Con esto coincide el trato que las iglesias evangélicas dan a los siervos que el Señor envía para pedirles el fruto de la viña. Aunque todavía no hay muchos casos de violencia física – eso es solamente porque vivimos en tiempos diferentes; las iglesias católicas y reformadas también han dejado de perseguir con violencia a los que consideran “herejes”. Pero los siervos del Señor que se atreven a amonestar a los líderes evangélicos desde la Biblia, son expulsados de sus congregaciones, son difamados desde los púlpitos, sus escritos son declarados literatura prohibida, y a menudo los líderes hacen todos los esfuerzos posibles para separar a estos siervos de sus amistades cristianas.

Por tanto presenciamos actualmente el comienzo de la muerte espiritual de las iglesias evangélicas. Entre sus miembros quedan todavía algunos que tuvieron una experiencia personal con el Señor, nacieron de nuevo y viven una vida agradable a Dios; pero son una pequeña minoría. Las iglesias recién fundadas todavía crecen numéricamente; pero en las que tienen mayor tiempo, ya está disminuyendo la membresía. En mi entorno encuentro por cada miembro activo de una iglesia evangélica a tres ex-miembros desilusionados; y muchos de ellos abandonaron no solamente su congregación, sino también la fe cristiana en general. Esta observación personal coincide con estadísticas recientes a mayor escala.

Por eso, el Señor ha colgado nuevamente sobre Su viña el letrero: “Se da en arrendamiento”. Ya se avecina un nuevo traspaso. Una posibilidad de como esto podría suceder, nos muestra la historia de China. En la “revolución cultural” bajo Mao, todos los misioneros extranjeros fueron expulsados, y muchos líderes cristianos chinos fueron encarcelados. La iglesia china pasó por un tiempo de sufrimientos indescriptibles. Sin embargo, muchos hombres de Dios en China hoy en día dan gracias a Dios por aquellos tiempos. Dicen que gracias a Mao, los cristianos chinos en su aislamiento no fueron contagiados por la decadencia moral y espiritual de las iglesias occidentales. En cambio, recibieron una oportunidad para comenzar de nuevo, basándose únicamente en la palabra de Dios, sin la influencia de enseñanzas denominacionales desde afuera. Así surgió un nuevo tipo de iglesias, desconocido en el mundo libre, pero probablemente más cercano a la iglesia del Nuevo Testamento que cualquier otro tipo de iglesias existentes hoy: las iglesias caseras clandestinas. Y ellas son las que hoy en día llevan adelante el trabajo en la viña del Señor.

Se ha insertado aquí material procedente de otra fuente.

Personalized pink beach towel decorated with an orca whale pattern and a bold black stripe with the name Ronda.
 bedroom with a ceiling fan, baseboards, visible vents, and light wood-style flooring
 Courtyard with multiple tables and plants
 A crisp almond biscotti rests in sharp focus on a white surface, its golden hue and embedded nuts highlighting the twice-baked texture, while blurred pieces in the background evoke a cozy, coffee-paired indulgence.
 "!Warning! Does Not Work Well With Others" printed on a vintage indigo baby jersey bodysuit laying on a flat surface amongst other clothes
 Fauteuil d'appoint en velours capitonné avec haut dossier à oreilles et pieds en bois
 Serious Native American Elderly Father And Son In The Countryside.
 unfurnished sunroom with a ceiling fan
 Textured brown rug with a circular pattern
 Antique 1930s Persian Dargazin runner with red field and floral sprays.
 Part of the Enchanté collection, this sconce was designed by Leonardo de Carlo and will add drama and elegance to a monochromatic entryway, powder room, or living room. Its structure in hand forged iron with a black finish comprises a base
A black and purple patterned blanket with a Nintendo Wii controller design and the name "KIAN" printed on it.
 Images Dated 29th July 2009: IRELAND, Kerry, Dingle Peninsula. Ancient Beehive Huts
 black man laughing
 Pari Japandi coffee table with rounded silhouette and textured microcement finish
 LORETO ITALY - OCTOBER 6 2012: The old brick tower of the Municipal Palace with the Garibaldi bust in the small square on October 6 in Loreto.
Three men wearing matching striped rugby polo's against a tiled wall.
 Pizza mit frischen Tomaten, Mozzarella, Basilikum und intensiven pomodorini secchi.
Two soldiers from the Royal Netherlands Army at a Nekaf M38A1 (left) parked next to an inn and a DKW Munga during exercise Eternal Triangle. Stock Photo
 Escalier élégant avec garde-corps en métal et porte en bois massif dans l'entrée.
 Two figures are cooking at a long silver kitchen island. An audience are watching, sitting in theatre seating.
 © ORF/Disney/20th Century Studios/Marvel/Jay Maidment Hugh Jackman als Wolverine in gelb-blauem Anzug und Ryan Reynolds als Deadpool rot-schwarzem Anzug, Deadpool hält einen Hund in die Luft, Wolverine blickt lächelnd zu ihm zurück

Personalmente espero que aquí en el occidente podamos experimentar un “traspaso” más pacífico; pero en vista del estado desolado de las iglesias actuales no sé si eso será posible. El gran problema es que aquí todavía no existe ningún movimiento cristiano nuevo que podría fungir como sucesor de las fallidas iglesias evangélicas. Es cierto que hay unos predicadores de arrepentimiento que llaman a un regreso al cristianismo del Nuevo Testamento; pero son pocos quienes los escuchan. También existen ahora movimientos de “iglesias en casa” en varios países, y algunos de ellos incluso se inspiran en las iglesias chinas. Algunos de estos movimientos parecen bastante espirituales; pero otros parecen simplemente acogerse a la idea “novedosa” de reunirse en casas en vez de templos, mientras les faltan unos puntos esenciales, tales como un concepto bíblico del Nuevo Nacimiento, estructuras familiares en vez de institucionales, o la integridad en el liderazgo. Tengo la impresión de que estos movimientos todavía tendrán que madurar bastante hasta que el Señor les pueda encomendar Su viña. Por mientras, el Señor sigue buscando labradores para Su viña. ¿Quién asumirá la responsabilidad?